▶ **Extracted material**:
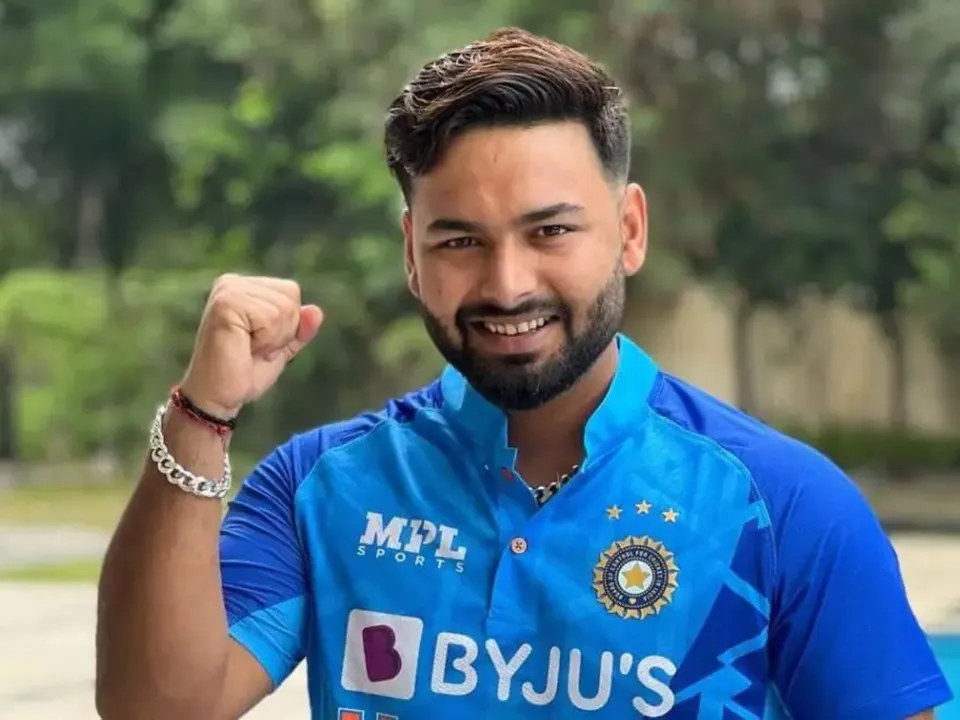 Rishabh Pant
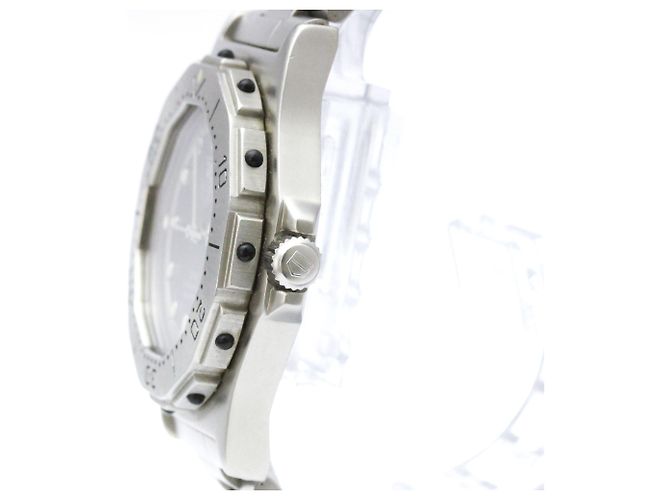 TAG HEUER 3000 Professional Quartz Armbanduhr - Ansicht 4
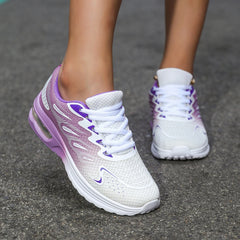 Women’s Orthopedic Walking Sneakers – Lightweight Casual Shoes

* * *

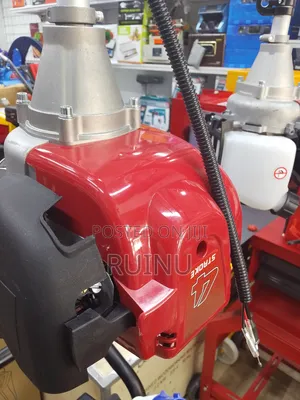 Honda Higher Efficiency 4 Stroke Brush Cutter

==

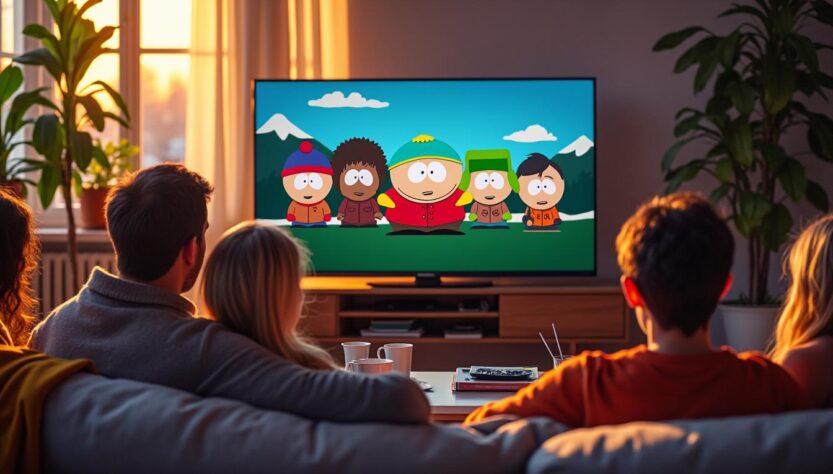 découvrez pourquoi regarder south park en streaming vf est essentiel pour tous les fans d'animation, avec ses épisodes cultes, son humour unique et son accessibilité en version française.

▶ **About this exercise**: Excluding any pictures, print exactly the lines of the listing above from the line with "Rishabh Pant" to the line with "Women’s Orthopedic Walking", both ends included.

▶ **Result for this task**:
 Rishabh Pant
 TAG HEUER 3000 Professional Quartz Armbanduhr - Ansicht 4
 Women’s Orthopedic Walking Sneakers – Lightweight Casual Shoes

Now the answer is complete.